▶ **Problem**:
Every line from the one with "Blackberries (1887) by" through the end of the entries below must be retyped exactly, and only those lines. The pictures are not part of the copy.
"""
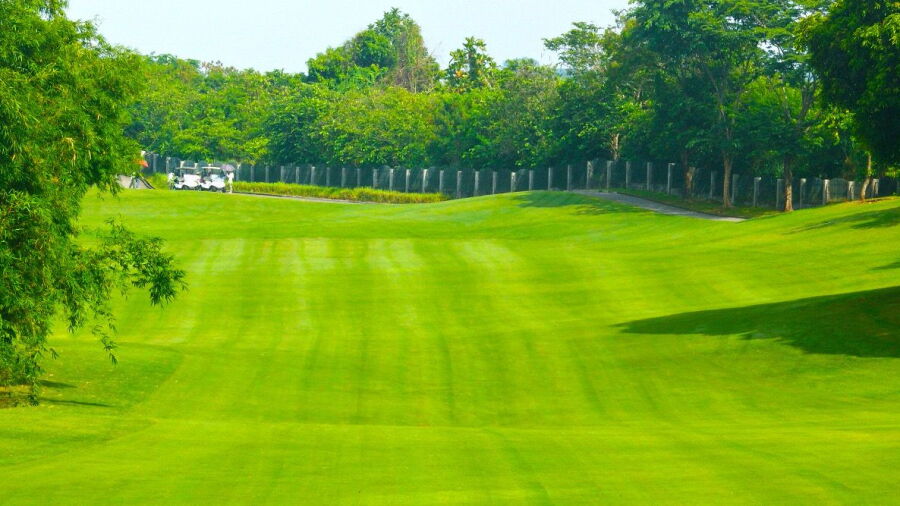 Forest Hills GCC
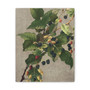 Blackberries (1887) by L. Prang & Co - Stretched Canvas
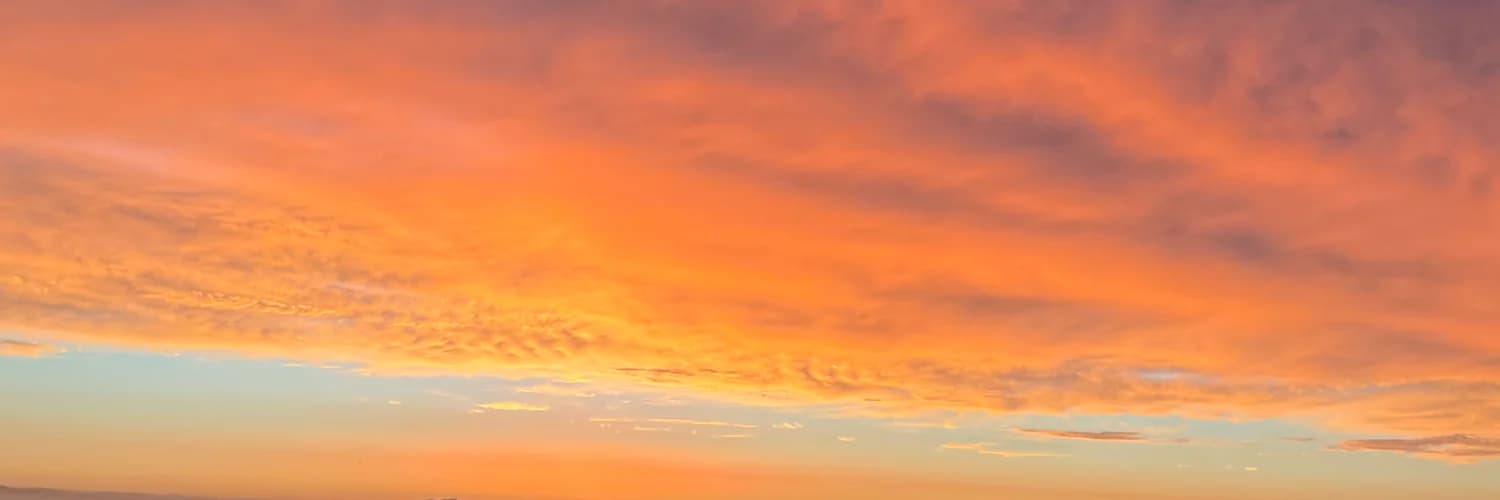 Profile banner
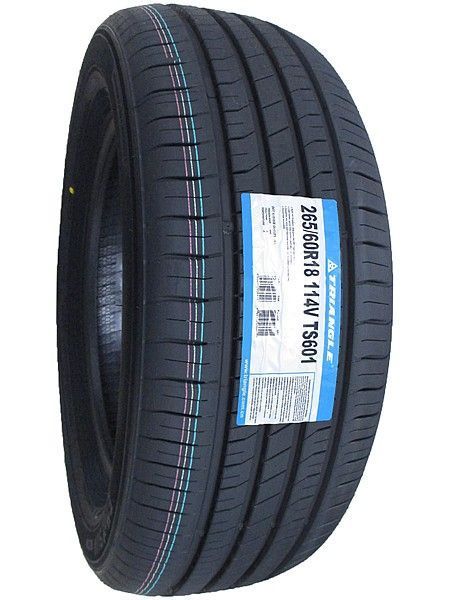 サマータイヤ EffeX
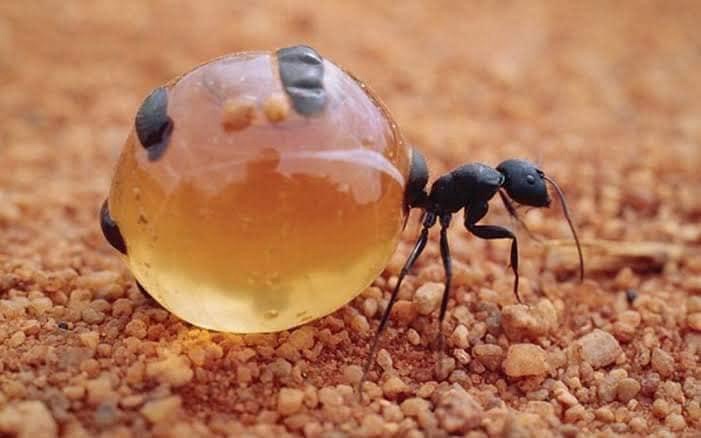 Hormiga mielera, de México para el mundo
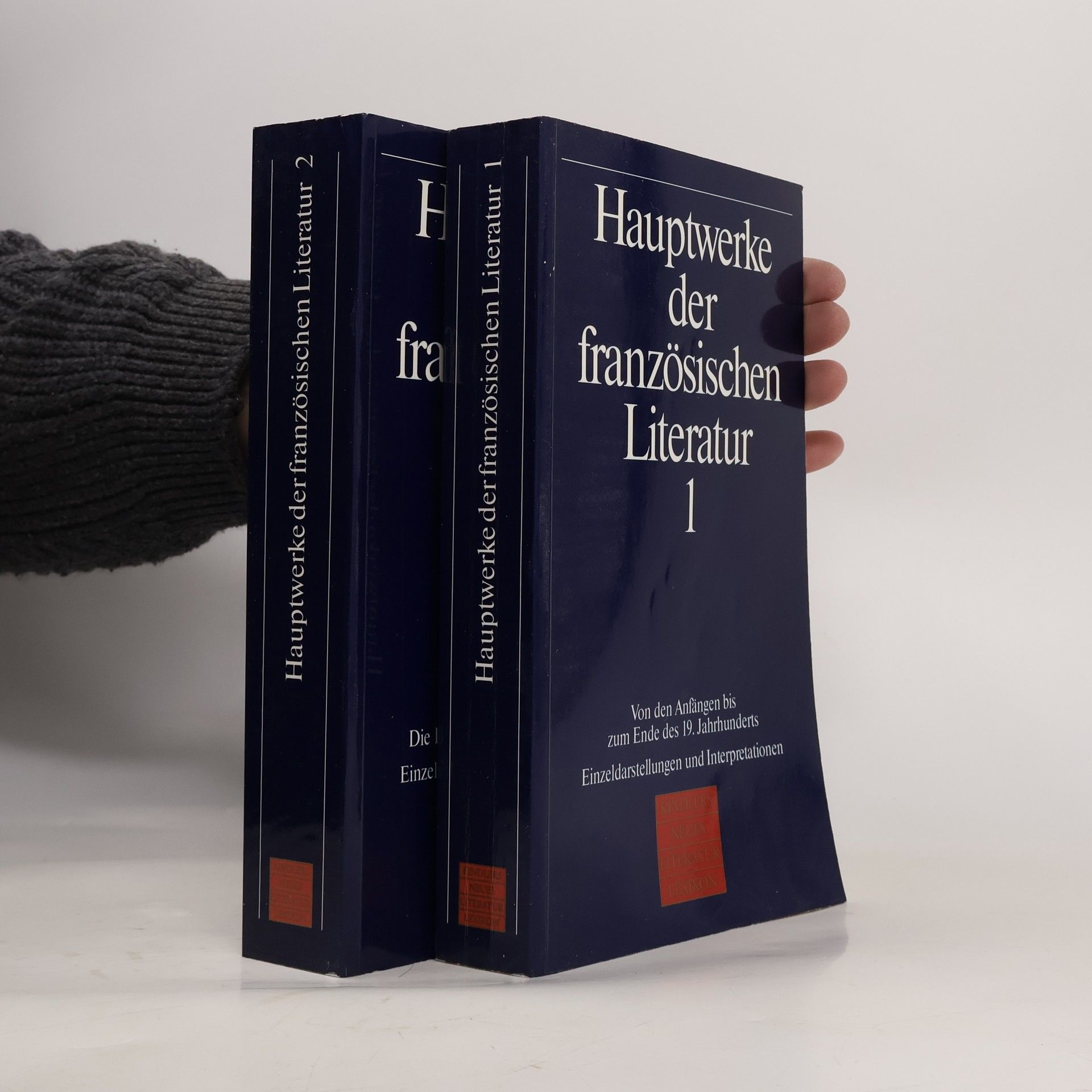 AA.VV. Hauptwerke der französischen Literatur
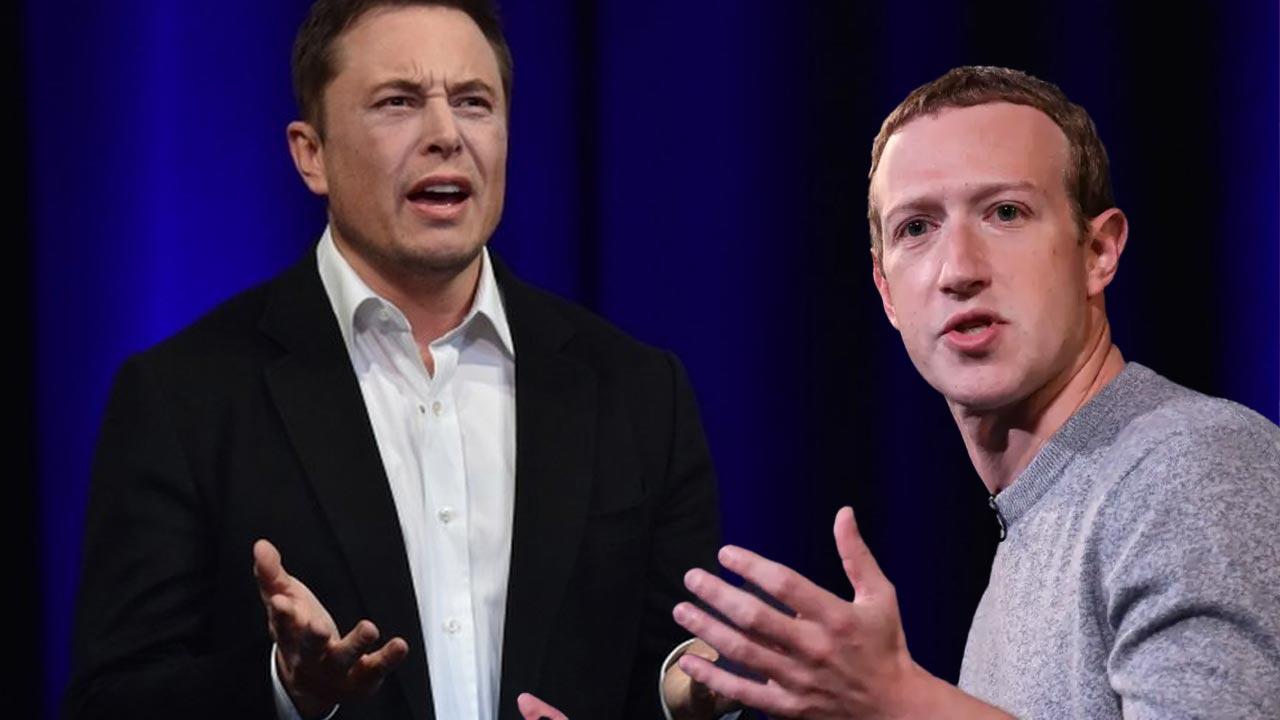 Musk Vs Zuckerberg Si Sfideranno Sul Ring Il 26 Agosto Evosmartit 8558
"""
▶ **Solution to this exercise**:
 Blackberries (1887) by L. Prang & Co - Stretched Canvas
 Profile banner
 サマータイヤ EffeX
 Hormiga mielera, de México para el mundo
 AA.VV. Hauptwerke der französischen Literatur
 Musk Vs Zuckerberg Si Sfideranno Sul Ring Il 26 Agosto Evosmartit 8558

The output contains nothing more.